▸ **Work required**
Please copy, exactly as they appear below, the lines from the one containing "Used 2020 Jeep" through the one containing "UMBERTO MASTROIANNI - 'Senza titolo'".

▸ **Data listing**
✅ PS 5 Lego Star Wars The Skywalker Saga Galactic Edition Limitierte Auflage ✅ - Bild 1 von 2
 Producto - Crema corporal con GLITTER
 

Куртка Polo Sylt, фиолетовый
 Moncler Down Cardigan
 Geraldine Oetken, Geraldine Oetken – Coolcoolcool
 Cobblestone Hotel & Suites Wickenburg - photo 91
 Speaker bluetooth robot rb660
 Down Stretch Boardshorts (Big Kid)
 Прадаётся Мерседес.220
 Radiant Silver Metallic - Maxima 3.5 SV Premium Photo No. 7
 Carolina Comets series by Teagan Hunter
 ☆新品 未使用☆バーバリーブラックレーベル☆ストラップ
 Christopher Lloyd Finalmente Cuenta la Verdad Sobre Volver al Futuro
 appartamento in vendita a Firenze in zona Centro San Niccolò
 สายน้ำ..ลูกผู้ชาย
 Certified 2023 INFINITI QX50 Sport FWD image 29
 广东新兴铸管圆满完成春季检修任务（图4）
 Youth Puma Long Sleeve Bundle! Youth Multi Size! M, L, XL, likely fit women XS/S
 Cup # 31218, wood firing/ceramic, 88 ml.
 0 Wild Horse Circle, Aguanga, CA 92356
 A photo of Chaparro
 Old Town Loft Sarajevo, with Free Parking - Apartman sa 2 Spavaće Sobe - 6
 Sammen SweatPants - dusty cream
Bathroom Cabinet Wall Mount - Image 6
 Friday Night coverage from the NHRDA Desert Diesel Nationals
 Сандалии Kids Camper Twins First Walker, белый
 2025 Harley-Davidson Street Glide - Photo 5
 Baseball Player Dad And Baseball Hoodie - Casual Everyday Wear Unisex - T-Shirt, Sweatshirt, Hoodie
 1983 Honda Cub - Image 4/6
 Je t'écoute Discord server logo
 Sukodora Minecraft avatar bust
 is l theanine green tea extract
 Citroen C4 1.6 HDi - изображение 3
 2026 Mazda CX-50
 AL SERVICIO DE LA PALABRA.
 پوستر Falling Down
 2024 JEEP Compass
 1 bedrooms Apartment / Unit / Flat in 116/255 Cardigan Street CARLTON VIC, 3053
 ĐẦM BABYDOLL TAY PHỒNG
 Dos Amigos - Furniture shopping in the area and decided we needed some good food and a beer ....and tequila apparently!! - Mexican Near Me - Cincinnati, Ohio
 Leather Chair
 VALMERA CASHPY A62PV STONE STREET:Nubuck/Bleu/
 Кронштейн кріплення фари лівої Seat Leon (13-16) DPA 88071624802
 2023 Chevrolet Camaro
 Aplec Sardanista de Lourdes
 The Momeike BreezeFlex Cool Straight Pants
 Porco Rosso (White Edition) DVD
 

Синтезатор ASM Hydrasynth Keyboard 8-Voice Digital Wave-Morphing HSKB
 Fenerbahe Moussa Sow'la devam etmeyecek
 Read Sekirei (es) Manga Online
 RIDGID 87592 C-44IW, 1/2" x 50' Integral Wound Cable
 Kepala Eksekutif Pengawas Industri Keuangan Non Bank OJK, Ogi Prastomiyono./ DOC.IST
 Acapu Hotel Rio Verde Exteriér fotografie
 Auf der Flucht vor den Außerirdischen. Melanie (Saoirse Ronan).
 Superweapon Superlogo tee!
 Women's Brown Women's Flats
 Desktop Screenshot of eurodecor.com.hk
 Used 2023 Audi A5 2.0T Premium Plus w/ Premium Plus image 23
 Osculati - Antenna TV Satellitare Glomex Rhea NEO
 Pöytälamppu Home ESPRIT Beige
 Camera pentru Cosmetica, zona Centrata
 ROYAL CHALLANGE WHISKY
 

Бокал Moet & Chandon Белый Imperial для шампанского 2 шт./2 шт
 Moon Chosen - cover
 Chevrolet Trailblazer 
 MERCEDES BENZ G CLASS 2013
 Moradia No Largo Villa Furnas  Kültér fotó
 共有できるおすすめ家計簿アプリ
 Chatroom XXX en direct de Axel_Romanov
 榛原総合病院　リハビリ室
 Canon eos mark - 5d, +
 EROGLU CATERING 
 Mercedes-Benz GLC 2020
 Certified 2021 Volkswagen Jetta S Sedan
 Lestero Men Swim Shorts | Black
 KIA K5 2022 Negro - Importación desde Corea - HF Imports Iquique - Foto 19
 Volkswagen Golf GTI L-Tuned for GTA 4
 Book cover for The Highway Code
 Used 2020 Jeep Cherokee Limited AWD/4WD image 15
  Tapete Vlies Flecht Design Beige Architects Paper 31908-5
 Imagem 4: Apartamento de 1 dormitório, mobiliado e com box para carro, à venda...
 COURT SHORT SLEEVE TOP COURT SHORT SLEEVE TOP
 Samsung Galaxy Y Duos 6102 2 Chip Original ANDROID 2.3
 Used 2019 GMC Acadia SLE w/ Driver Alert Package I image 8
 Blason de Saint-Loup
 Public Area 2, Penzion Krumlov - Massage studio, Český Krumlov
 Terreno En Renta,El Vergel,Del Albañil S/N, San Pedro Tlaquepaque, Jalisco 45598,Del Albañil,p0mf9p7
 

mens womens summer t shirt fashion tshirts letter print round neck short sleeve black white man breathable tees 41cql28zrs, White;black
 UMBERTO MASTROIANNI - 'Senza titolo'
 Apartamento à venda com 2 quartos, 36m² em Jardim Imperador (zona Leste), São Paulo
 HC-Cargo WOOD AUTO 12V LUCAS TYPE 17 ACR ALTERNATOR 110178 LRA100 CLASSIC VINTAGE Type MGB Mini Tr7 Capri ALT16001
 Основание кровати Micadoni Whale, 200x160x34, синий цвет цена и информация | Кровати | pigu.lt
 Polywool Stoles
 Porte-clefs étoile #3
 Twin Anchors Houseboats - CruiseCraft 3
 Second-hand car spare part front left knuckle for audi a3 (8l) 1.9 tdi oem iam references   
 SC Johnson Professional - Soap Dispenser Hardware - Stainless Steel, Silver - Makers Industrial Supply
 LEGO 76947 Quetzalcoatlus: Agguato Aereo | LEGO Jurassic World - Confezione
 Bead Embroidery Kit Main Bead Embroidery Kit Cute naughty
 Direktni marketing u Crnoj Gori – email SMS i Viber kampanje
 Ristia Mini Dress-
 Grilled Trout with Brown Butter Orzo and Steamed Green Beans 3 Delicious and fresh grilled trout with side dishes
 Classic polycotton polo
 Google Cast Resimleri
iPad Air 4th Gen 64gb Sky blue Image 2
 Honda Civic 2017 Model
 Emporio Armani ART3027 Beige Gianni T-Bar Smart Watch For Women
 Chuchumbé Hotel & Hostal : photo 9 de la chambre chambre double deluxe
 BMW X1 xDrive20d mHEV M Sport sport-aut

▸ **Written solution**
 Used 2020 Jeep Cherokee Limited AWD/4WD image 15
  Tapete Vlies Flecht Design Beige Architects Paper 31908-5
 Imagem 4: Apartamento de 1 dormitório, mobiliado e com box para carro, à venda...
 COURT SHORT SLEEVE TOP COURT SHORT SLEEVE TOP
 Samsung Galaxy Y Duos 6102 2 Chip Original ANDROID 2.3
 Used 2019 GMC Acadia SLE w/ Driver Alert Package I image 8
 Blason de Saint-Loup
 Public Area 2, Penzion Krumlov - Massage studio, Český Krumlov
 Terreno En Renta,El Vergel,Del Albañil S/N, San Pedro Tlaquepaque, Jalisco 45598,Del Albañil,p0mf9p7
 

mens womens summer t shirt fashion tshirts letter print round neck short sleeve black white man breathable tees 41cql28zrs, White;black
 UMBERTO MASTROIANNI - 'Senza titolo'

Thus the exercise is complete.